**TASK DATA**
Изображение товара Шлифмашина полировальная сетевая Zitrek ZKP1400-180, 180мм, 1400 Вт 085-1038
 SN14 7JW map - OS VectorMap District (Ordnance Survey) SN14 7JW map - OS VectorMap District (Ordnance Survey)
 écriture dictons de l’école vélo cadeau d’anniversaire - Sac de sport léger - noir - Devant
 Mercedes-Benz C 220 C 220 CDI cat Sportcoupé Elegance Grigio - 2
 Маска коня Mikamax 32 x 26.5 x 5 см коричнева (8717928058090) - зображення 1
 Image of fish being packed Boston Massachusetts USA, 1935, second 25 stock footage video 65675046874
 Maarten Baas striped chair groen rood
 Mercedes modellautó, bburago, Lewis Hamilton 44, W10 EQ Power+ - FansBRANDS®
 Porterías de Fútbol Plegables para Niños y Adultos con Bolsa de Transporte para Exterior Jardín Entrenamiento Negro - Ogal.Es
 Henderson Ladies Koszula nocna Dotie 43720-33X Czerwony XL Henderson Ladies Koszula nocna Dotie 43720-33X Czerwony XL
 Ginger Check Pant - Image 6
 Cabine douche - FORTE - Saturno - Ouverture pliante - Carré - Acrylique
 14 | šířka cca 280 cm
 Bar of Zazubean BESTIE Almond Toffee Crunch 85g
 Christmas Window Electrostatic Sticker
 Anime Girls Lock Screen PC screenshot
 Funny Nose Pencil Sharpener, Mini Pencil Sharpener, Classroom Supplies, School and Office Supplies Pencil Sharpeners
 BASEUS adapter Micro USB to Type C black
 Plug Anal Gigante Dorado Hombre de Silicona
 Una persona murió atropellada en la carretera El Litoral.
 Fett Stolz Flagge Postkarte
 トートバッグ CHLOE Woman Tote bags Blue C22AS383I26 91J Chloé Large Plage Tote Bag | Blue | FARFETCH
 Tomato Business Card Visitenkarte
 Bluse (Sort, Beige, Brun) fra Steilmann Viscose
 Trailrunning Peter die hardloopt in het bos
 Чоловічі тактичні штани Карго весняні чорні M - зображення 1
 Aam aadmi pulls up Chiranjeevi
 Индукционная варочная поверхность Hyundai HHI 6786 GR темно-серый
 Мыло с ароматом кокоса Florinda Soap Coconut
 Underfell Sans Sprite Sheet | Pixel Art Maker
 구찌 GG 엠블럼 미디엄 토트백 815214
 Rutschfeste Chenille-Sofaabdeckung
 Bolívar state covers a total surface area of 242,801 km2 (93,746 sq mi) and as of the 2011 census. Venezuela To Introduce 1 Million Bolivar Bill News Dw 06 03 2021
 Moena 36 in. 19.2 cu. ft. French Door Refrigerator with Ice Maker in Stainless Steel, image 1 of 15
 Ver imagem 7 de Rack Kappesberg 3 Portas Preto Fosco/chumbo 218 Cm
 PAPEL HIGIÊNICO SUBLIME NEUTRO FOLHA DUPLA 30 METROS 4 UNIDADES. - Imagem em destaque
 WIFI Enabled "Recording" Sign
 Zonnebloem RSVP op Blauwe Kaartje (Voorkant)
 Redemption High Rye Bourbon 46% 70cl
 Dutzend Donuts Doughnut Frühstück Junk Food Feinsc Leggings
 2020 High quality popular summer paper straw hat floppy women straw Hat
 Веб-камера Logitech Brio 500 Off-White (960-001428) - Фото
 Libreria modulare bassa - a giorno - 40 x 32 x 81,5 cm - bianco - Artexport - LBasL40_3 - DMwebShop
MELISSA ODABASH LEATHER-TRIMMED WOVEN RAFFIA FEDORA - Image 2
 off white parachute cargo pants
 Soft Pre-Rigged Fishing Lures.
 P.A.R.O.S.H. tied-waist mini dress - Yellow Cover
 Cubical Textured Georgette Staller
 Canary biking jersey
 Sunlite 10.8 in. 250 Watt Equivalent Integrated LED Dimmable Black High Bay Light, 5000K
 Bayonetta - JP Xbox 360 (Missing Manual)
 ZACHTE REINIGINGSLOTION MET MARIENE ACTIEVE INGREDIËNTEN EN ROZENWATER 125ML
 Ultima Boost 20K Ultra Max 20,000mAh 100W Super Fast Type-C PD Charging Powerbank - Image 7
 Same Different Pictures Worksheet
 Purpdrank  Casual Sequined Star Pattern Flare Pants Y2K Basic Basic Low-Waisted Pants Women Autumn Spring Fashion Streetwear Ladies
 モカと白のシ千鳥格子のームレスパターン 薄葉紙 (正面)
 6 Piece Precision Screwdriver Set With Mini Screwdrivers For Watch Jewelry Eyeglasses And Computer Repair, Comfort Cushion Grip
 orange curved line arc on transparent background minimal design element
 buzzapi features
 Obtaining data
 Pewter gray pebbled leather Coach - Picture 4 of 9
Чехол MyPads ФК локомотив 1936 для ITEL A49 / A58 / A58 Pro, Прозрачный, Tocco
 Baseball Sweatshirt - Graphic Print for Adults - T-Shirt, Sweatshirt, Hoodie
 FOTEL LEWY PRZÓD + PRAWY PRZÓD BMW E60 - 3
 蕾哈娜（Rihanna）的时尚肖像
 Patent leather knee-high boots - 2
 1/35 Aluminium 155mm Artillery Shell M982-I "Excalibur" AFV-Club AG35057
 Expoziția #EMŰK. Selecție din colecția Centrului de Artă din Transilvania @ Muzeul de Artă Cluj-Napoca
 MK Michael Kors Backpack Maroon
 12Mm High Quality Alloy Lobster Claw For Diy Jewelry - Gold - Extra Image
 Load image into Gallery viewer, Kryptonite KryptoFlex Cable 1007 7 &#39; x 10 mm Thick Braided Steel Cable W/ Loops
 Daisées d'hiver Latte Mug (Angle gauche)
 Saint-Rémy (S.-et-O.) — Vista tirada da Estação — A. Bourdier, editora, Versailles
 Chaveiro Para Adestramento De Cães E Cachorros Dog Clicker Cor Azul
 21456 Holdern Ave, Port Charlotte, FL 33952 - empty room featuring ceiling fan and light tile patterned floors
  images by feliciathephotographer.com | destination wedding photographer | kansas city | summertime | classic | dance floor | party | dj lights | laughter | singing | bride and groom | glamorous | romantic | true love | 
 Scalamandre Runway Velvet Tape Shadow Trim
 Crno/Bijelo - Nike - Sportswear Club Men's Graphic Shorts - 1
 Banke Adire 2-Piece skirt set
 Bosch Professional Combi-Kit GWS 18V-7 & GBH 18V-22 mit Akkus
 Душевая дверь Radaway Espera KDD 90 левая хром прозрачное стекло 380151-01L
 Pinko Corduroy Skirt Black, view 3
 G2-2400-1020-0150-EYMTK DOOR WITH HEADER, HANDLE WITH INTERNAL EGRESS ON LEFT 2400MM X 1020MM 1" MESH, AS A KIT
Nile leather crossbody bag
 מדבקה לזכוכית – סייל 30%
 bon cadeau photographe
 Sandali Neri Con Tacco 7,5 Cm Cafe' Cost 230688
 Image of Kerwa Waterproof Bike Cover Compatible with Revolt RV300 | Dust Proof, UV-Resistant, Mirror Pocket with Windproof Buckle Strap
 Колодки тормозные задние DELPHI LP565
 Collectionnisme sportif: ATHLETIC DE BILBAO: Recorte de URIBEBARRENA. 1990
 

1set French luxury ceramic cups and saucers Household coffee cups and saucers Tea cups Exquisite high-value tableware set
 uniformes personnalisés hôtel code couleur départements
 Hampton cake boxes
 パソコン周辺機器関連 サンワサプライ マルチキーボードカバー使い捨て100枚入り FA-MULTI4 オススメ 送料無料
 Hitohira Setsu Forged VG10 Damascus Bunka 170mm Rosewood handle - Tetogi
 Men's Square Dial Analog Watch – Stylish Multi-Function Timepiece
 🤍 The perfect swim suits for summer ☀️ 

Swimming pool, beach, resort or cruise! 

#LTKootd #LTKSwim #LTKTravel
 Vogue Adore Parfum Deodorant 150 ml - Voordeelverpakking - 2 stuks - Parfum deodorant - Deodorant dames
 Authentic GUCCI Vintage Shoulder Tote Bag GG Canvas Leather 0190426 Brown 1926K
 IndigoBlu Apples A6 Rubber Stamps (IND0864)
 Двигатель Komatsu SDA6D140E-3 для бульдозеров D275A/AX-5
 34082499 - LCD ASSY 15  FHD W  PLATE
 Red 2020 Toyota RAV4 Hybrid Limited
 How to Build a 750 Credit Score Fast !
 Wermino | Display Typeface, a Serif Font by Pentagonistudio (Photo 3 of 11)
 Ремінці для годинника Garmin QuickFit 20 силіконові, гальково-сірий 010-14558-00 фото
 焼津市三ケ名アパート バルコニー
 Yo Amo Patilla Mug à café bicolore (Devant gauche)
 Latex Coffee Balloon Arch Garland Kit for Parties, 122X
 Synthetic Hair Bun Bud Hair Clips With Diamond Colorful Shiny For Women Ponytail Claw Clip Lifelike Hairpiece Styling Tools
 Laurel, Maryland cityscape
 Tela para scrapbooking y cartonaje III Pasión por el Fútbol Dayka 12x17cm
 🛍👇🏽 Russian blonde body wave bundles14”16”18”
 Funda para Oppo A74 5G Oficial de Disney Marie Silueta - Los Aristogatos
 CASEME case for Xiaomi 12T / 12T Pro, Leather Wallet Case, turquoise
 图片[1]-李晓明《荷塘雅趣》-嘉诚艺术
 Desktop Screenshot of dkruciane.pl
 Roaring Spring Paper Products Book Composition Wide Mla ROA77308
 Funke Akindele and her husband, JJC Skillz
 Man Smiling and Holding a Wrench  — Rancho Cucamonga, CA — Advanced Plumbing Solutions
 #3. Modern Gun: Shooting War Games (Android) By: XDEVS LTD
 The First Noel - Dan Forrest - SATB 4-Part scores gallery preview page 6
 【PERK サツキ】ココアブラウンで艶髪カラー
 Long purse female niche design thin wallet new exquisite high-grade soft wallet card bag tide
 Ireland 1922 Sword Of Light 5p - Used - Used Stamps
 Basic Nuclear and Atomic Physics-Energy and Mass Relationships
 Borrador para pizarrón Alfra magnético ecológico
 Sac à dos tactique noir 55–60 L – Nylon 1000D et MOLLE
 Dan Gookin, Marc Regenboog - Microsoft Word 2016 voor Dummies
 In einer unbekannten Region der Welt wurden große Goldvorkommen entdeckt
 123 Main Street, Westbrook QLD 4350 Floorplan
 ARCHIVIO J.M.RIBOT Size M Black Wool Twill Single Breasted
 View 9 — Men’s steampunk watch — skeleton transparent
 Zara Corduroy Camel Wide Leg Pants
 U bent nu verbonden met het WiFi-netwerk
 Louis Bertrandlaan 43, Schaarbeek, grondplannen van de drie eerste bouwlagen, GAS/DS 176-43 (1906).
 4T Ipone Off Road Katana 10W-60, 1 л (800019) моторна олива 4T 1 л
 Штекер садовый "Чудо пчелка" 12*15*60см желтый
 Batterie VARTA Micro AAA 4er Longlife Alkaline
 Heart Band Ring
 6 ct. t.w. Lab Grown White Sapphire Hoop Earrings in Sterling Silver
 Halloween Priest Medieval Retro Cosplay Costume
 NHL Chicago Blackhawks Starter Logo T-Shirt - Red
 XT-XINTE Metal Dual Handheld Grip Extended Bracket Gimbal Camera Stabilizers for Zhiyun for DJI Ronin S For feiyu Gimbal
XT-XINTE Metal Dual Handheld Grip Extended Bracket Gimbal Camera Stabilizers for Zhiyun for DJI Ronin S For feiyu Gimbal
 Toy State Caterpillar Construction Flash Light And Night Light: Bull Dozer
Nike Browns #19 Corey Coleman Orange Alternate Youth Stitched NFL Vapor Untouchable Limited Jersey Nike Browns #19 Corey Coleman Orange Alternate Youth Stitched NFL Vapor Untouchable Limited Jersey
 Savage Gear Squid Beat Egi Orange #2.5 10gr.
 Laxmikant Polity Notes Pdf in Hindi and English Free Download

**YOUR TASK**
Nothing but an exact copy of the lines from the start of the entries through the line containing "Rutschfeste Chenille-Sofaabdeckung" belongs in the response.

**SOLUTION FOR THIS TASK**
Изображение товара Шлифмашина полировальная сетевая Zitrek ZKP1400-180, 180мм, 1400 Вт 085-1038
 SN14 7JW map - OS VectorMap District (Ordnance Survey) SN14 7JW map - OS VectorMap District (Ordnance Survey)
 écriture dictons de l’école vélo cadeau d’anniversaire - Sac de sport léger - noir - Devant
 Mercedes-Benz C 220 C 220 CDI cat Sportcoupé Elegance Grigio - 2
 Маска коня Mikamax 32 x 26.5 x 5 см коричнева (8717928058090) - зображення 1
 Image of fish being packed Boston Massachusetts USA, 1935, second 25 stock footage video 65675046874
 Maarten Baas striped chair groen rood
 Mercedes modellautó, bburago, Lewis Hamilton 44, W10 EQ Power+ - FansBRANDS®
 Porterías de Fútbol Plegables para Niños y Adultos con Bolsa de Transporte para Exterior Jardín Entrenamiento Negro - Ogal.Es
 Henderson Ladies Koszula nocna Dotie 43720-33X Czerwony XL Henderson Ladies Koszula nocna Dotie 43720-33X Czerwony XL
 Ginger Check Pant - Image 6
 Cabine douche - FORTE - Saturno - Ouverture pliante - Carré - Acrylique
 14 | šířka cca 280 cm
 Bar of Zazubean BESTIE Almond Toffee Crunch 85g
 Christmas Window Electrostatic Sticker
 Anime Girls Lock Screen PC screenshot
 Funny Nose Pencil Sharpener, Mini Pencil Sharpener, Classroom Supplies, School and Office Supplies Pencil Sharpeners
 BASEUS adapter Micro USB to Type C black
 Plug Anal Gigante Dorado Hombre de Silicona
 Una persona murió atropellada en la carretera El Litoral.
 Fett Stolz Flagge Postkarte
 トートバッグ CHLOE Woman Tote bags Blue C22AS383I26 91J Chloé Large Plage Tote Bag | Blue | FARFETCH
 Tomato Business Card Visitenkarte
 Bluse (Sort, Beige, Brun) fra Steilmann Viscose
 Trailrunning Peter die hardloopt in het bos
 Чоловічі тактичні штани Карго весняні чорні M - зображення 1
 Aam aadmi pulls up Chiranjeevi
 Индукционная варочная поверхность Hyundai HHI 6786 GR темно-серый
 Мыло с ароматом кокоса Florinda Soap Coconut
 Underfell Sans Sprite Sheet | Pixel Art Maker
 구찌 GG 엠블럼 미디엄 토트백 815214
 Rutschfeste Chenille-Sofaabdeckung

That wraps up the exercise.